Over the past several days, numerous defendants in the “Trump 19” racketeering case in Fulton County have filed motions to sever their trials from numerous other defendants. Sidney Powell and Kenneth Chesebro don’t want to be tried with each other. Rudy Giuliani doesn’t want to be tried with Sidney Powell. Donald Trump doesn’t want to be tried with any of them. The list goes on and on.
It’s enough to make you look at it all and think, “What a mess!” You might even find yourself worried that it’s all too complicated, and that it might end up falling apart. So now is probably a good time to stop and remember two things. First, Fani Willis knows what she’s doing as a prosecutor. Second, she wanted things to play out this way.
Willis could have indicted these defendants individually or in small groups. Instead she made the strategic decision to charge all nineteen of them together in one racketeering indictment. Se’s built, tried, and won plenty of racketeering cases before. She knows what happens when you indict this many people jointly. The scrambling that we’re seeing by all these defendants is what Willis wanted to happen.
So why is this kind of chaos good for the prosecution? Keep in mind that none of these filings by the defendants are going to work. No matter how many severance motions they file, these defendants are still going to end up tried together, either in one big group of nineteen, or perhaps divided into a couple of clusters. There aren’t going to be more than two or maybe three trials in the end. We know this from how Georgia RICO trials always play out.
Furthermore, none of these filings are going to delay the trial start dates, because the Georgia courts have handled plenty of RICO cases before. The courts aren’t going to melt down under the pressure simply because a group of naive defendants are filing a bunch of pointless notions. Yes, it’s the defendants who are being naive. None of them appear to have any familiarity with how RICO cases work (which is remarkable given Giuliani’s history). They appear to think that the elementary school level tactics they’re using are somehow magically going to catch everyone by surprise. If these defendants weren’t evil traitors against the United States, you’d almost feel bad for how naive they are.

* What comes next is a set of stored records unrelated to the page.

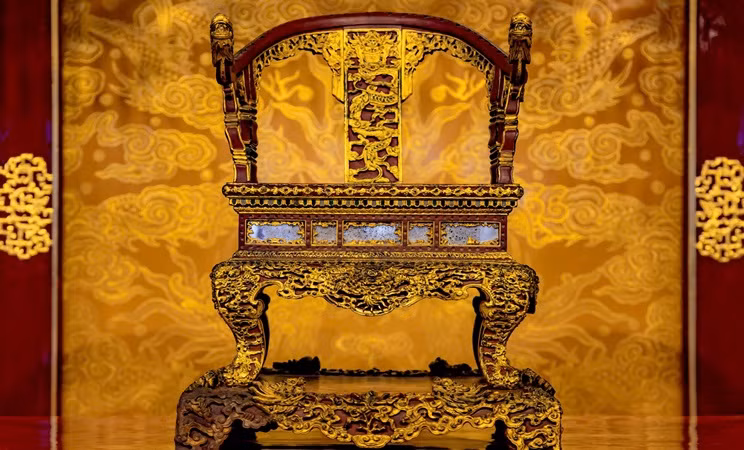 Trung tâm Bảo tồn di tích cố đô Huế đã đưa ngai vua triều Nguyễn về kho bảo quản, đồng thời trưng bày bản phục chế để tiếp tục phục vụ du khách. Trung tâm Bảo tồn di tích cố đô Huế đã đưa ngai vua triều Nguyễn về kho bảo quản, đồng thời trưng bày bản phục chế để tiếp tục phục vụ du khách.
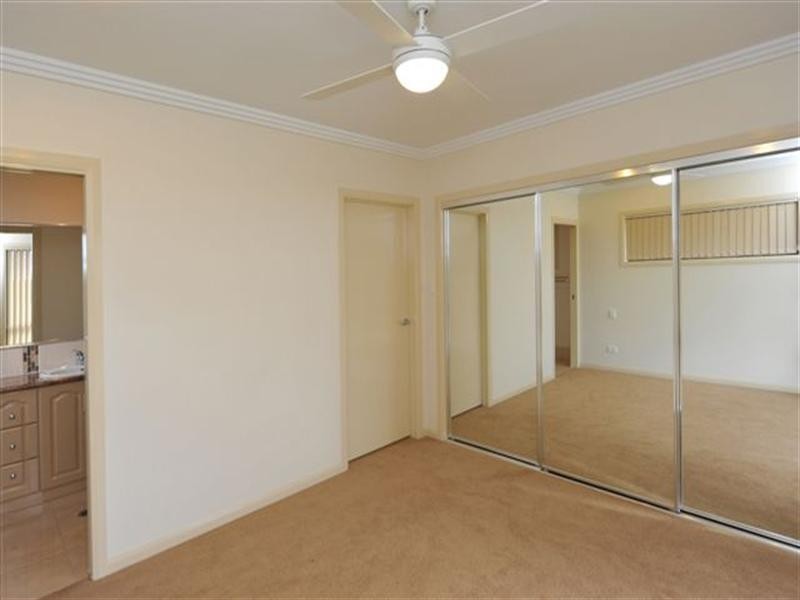 8 Graves Drive, Kearneys Spring QLD 4350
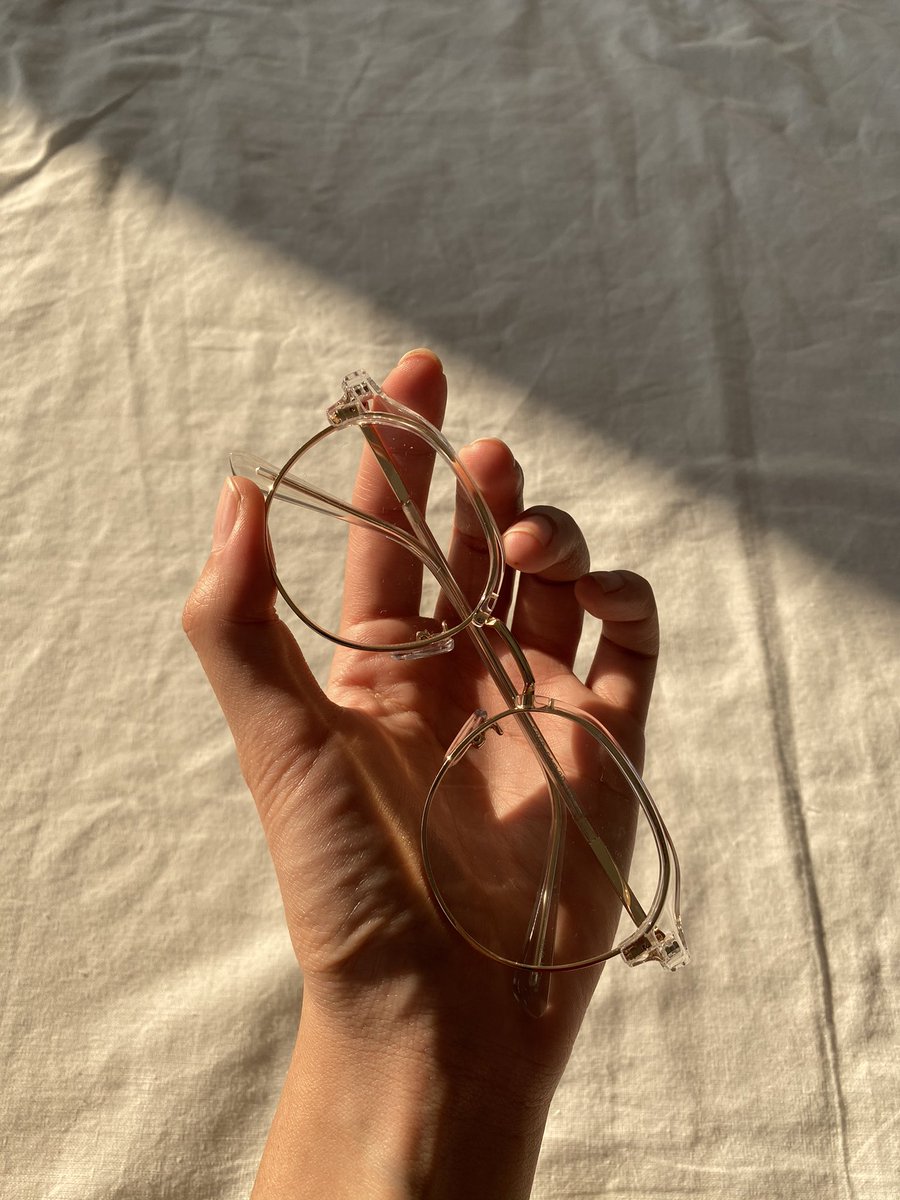 เราชอบมากจริงๆ ดีใจที่หาของดีๆมาพรีให้ทุกคนได้ใช้ มันดีจริงๆไอ้แว่นตัวนี้ 💡🖖🏻✨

What we’re really seeing right now is these idiot defendants overplaying their hands, and in the process, showing their hands. They’re not going to magically get Fani Willis’ racketeering case divided into nineteen different trials, or ten trials, or five trials. That’s not how racketeering trials work. All these defendants are doing is giving their attorneys a whole lot of billable hours for no gain. And in the process, they’re revealing just which of their co-defendants they’re most afraid will take down the whole ship, and why.
This in turn will help Fani Willis to determine which of these nineteen defendants are the most ostracized from the rest of the group, and thus the most likely to succumb to being pressured into flipping on the others.
This is all just how racketeering cases work. Prosecutors swing a big hammer and send the defendants flailing in a thousand directions, making it easier – not harder – to take them down. Everything you’re seeing play out in this Fulton County case, just remember that Fani Willis wanted it to play out this way. This frantic, panicked series of filings by the defendants isn’t helping the defendants. It’s helping the prosecution.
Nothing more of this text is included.